Combination Margetuximab and Pembrolizumab for Advanced, Metastatic HER2(+) Gastric or Gastroesophageal Junction Cancer

Detailed Description: Both margetuximab and pembrolizumab are monoclonal antibodies used in
combination to treat HER2+ gastric and gastroesophageal junction cancer. This study has two
parts: Dose Escalation and Dose Expansion. The Dose Escalation phase of the study will
evaluate safety of escalating doses of the combination treatment. The Dose Expansion phase
will evaluate safety and activity of the combination once the final dose and schedule are
defined.

Inclusion Criteria:

1. Signed written informed consent.

2. Age ≥ 18 years old.

3. Unresectable locally advanced or metastatic histologically proven HER2+
gastroesophageal junction (GEJ) or gastric adenocarcinoma.

4. HER2+ as 3+ by IHC or in-situ hybridation (ISH) amplified.

5. Have received prior treatment with trastuzumab.

6. Have received treatment with at least one or more lines of cytotoxic chemotherapy in
the metastatic setting.

7. Resolution of chemotherapy, immunotherapy or radiation-related toxicities.

8. Eastern Cooperative Oncology Group (ECOG) performance status of 0 or 1.

9. Life expectancy ≥ 12 weeks.

10. Measurable disease as per RECIST 1.1 criteria.

11. Archival or newly obtained tissue sample of a tumor lesion.
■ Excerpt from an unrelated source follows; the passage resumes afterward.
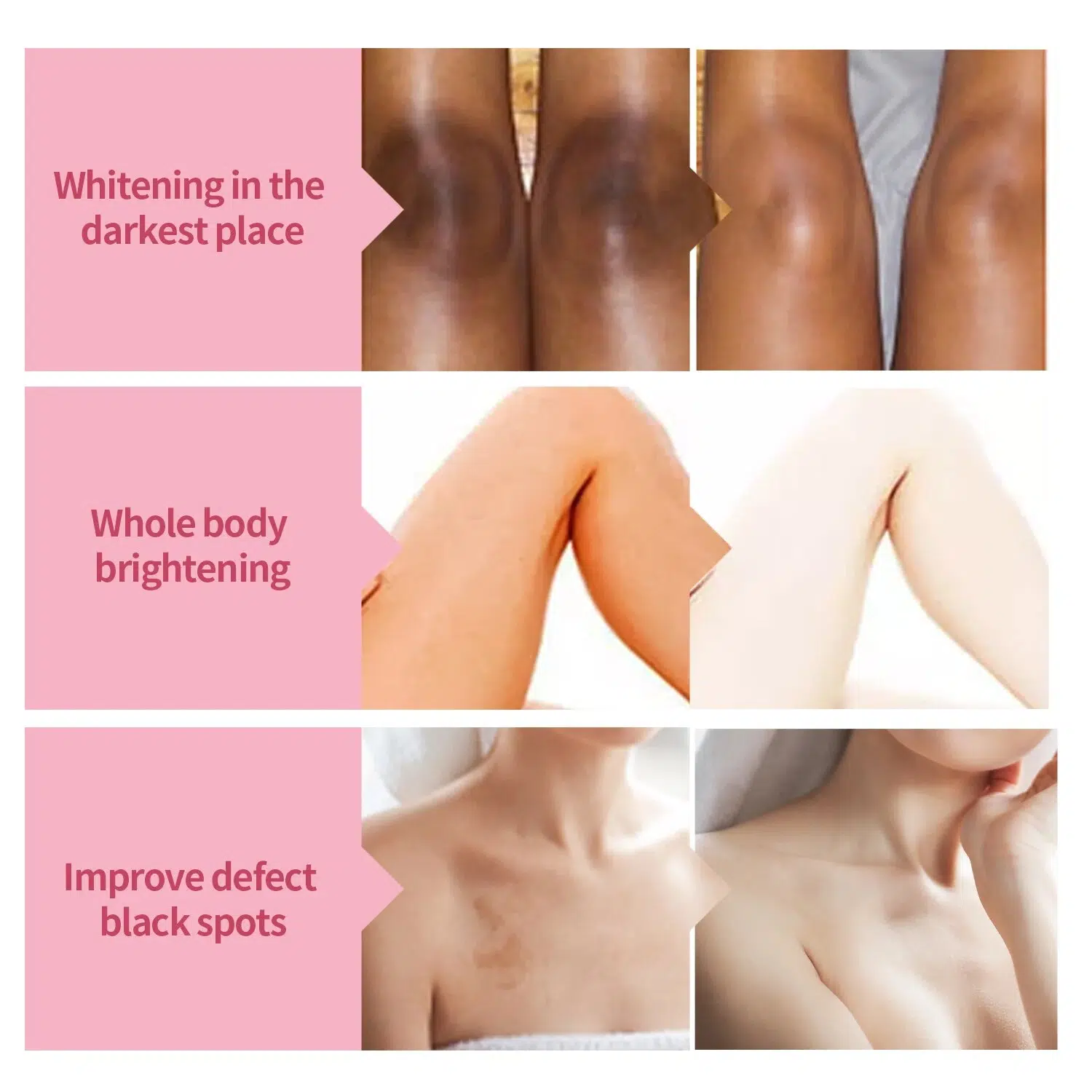 Body Whitening Cream Underarm Knee Buttocks Private Bleach Remove Melanin Pigmentation Improve Dull Nourish Brighten Skin Care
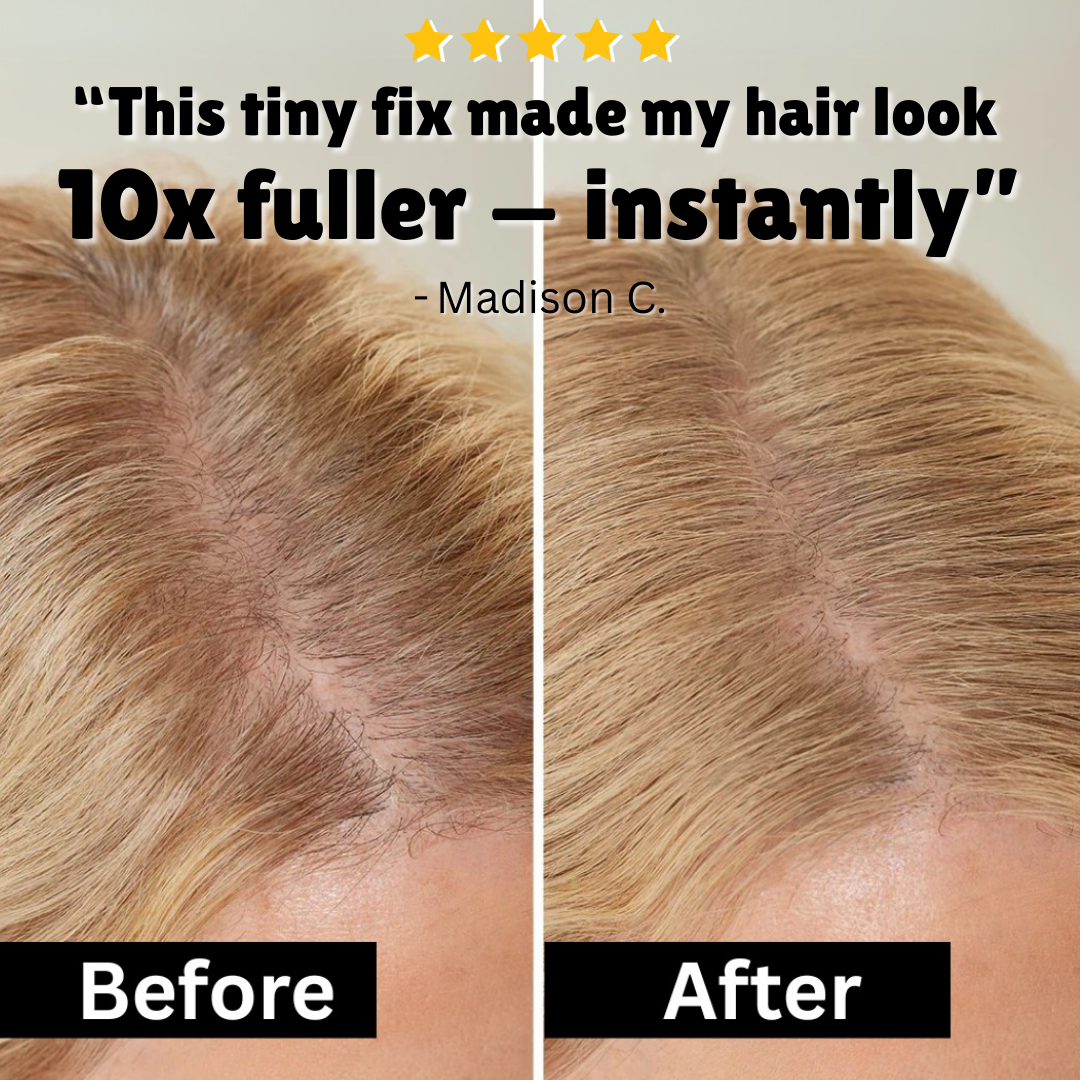 Eupholic™ HairFill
12. Adequate organ function as determined by following laboratory parameters:

1. Heme: Plt Ct ≥ 100 x 103/µL, ANC ≥ 1.5 x 103/µL, and Hemoglobin ≥ 9 g/dL

2. Chemistry: ALT/AST ≤ 3.0 x ULN, TBili ≤1.5 x ULN, and Cr < 2 mg/dL

13. Female patients of childbearing potential must have a negative pregnancy test and
agree to use two forms of acceptable contraceptive measures from the time of consent
through 120 days after discontinuation of study drug administration.

14. Male patients with partners of childbearing potential must use barrier contraception.

Exclusion Criteria:

1. Patients with symptomatic central nervous system (CNS) metastases.

2. Patients with any history of known or suspected autoimmune disease with the specific
exceptions of vitiligo, atopic dermatitis, or psoriasis not requiring systemic
treatment.

3. History of prior allogeneic bone marrow, stem-cell or solid organ transplantation.

4. Treatment with any systemic anti-neoplastic therapy, or investigational therapy within
the 3 weeks prior to the initiation of study drug.

5. Treatment with radiation therapy within 3 weeks prior to the initiation of study drug
administration.

6. Treatment with corticosteroids (≥10 mg per day prednisone or equivalent) or other
immune suppressive drugs within the 14 days prior to the initiation of study drug
administration.

7. History of clinically-significant cardiovascular disease.

8. Clinically-significant pulmonary compromise, including a requirement for supplemental
oxygen use to maintain adequate oxygenation.

9. Presence of active pneumonitis

10. Clinically-significant gastrointestinal disorders, such as perforation,
gastrointestinal bleeding, or diverticulitis.

11. Evidence of active viral, bacterial, or systemic fungal infection.

12. Known positive testing for human immunodeficiency virus (HIV)or history of acquired
immune deficiency syndrome (AIDS).

13. Known history of or positive test for hepatitis B or hepatitis C infection.

14. Second primary invasive malignancy that has not been in remission for greater than 2
years.

15. Known hypersensitivity to recombinant proteins, polysorbate 80 or any excipient
contained in the drug or vehicle formulation for margetuximab or pembrolizumab.

16. Female patient who is breastfeeding.